Tout au long de leur histoire, les artistes népalais ont été des transformateurs : ils ont assimilé l’influence de l’Inde* en lui apposant le cachet de leur originalité propre. C’est essentiellement la sculpture qui témoigne des temps anciens ; car la peinture n’apparaît, avec les miniatures, qu’au xiie s. Par ailleurs, il ne subsiste plus de vestiges d’architecture ou de sculpture sur bois antérieurs à 1394.

Les similitudes qui existent entre les découvertes des fouilles de la plaine du Gange et celles de Tilanrakot, Banjarāhī et Paisia, dans le Terai, dénotent, au iiie s. av. J.-C., une pénétration certaine de la culture maurya et śuṅga au Népal. Mais elle ne semble pas avoir franchi les chaînes, car les recherches limitées de Hadigao, Tagimpat et Dhum Varāhī, dans la vallée de Katmandou, ne révèlent pas d’établissement antérieur au début de l’ère chrétienne. Le pilier d’Aśoka de Rummindi (iiie s. av. J.-C.) semble marquer la limite septentrionale de l’expansion maurya.

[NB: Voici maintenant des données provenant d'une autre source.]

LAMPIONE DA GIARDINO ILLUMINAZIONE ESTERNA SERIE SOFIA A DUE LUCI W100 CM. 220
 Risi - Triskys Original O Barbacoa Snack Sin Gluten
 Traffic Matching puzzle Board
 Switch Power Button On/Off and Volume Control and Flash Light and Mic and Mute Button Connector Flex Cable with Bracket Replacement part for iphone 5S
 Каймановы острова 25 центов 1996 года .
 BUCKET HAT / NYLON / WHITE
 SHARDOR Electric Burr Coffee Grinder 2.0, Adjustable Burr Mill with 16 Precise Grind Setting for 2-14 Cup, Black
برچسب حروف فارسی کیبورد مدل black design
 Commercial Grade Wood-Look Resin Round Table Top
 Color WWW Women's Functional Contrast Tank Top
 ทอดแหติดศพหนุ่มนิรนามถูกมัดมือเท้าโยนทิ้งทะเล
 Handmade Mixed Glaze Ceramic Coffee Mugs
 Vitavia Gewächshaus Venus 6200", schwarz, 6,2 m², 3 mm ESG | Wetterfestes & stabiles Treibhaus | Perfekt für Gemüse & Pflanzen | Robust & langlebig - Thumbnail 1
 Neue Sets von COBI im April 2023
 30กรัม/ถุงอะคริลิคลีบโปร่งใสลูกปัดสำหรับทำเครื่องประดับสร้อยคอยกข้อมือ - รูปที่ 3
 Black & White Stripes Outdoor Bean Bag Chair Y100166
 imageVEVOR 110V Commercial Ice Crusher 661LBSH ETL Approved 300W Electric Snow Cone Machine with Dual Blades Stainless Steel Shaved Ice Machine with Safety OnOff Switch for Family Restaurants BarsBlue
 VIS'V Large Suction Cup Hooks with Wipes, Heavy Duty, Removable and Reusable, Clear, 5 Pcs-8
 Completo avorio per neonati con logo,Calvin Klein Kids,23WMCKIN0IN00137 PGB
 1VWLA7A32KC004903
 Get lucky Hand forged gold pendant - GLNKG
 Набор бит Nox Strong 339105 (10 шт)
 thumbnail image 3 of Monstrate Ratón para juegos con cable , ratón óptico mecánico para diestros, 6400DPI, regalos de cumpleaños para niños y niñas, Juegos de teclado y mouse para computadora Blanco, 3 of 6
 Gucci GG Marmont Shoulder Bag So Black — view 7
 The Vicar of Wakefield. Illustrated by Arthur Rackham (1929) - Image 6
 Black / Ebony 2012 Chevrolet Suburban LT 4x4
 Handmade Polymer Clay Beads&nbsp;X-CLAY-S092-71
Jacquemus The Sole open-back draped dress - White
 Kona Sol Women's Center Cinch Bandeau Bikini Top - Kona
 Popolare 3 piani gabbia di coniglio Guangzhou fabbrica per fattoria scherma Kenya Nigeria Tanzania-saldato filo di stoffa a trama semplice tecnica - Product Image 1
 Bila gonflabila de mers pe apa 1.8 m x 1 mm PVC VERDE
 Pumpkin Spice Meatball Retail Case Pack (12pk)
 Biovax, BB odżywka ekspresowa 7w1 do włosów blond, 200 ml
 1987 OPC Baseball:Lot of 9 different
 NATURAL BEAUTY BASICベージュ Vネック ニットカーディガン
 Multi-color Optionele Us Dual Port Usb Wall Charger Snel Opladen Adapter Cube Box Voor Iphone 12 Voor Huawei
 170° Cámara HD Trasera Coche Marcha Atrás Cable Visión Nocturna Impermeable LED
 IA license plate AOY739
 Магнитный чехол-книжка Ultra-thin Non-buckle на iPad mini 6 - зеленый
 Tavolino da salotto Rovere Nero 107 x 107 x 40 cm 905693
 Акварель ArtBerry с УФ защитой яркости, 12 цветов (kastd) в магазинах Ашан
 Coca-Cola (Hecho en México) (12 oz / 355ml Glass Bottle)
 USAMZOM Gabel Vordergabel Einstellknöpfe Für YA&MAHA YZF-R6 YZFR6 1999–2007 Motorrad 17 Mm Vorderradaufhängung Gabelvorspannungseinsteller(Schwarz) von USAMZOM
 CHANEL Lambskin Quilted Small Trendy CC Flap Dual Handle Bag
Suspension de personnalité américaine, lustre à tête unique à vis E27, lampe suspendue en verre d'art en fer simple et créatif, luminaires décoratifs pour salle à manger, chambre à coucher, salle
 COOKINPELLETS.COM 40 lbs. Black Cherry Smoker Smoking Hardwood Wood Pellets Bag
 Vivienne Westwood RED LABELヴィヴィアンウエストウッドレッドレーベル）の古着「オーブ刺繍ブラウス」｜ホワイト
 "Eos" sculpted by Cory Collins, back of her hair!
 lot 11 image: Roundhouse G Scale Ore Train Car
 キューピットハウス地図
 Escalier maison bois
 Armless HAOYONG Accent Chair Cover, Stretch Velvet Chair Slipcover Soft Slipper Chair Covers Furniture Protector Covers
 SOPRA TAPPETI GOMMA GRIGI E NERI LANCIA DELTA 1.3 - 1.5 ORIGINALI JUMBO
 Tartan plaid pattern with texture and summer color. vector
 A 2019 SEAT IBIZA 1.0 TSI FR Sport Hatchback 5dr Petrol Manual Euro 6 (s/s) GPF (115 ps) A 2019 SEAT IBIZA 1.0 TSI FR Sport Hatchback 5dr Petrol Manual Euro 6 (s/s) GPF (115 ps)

Stella Kramrisch a pu écrire que « l’histoire de l’art du Népal ne commença réellement qu’avec l’arrivée des dieux hindous ». Cela explique la brutalité des premières œuvres de la statuaire népalaise, relevant de l’art gupta. Les associations homme-animal, femme-arbre et les couples deviennent populaires. Ainsi, le Varāha de Dhum Varāhī (ve s.), où l’avatāra-sanglier de Viṣṇu est associé à la terre qu’il vient de sauver de l’océan. Mais on remarque dès le ve s. un profond changement de style. Dans le Vainteya de Changu Nārāyan (bas-relief, 464), l’énergie et la force physique dominent malgré l’attitude d’adoration humble. Cette œuvre est bien différente du Viṣṇu Vikrantamurti de Katmandou (467), exécuté par des artistes indiens. L’énergie n’est plus massive, mais rythmée et harmonieuse. La sculpture est conçue comme le théâtre : en mouvement. Le Viṣṇu Vikrantamurti de Tilgangā (467), exécuté par des artistes népalais, accuse la différence.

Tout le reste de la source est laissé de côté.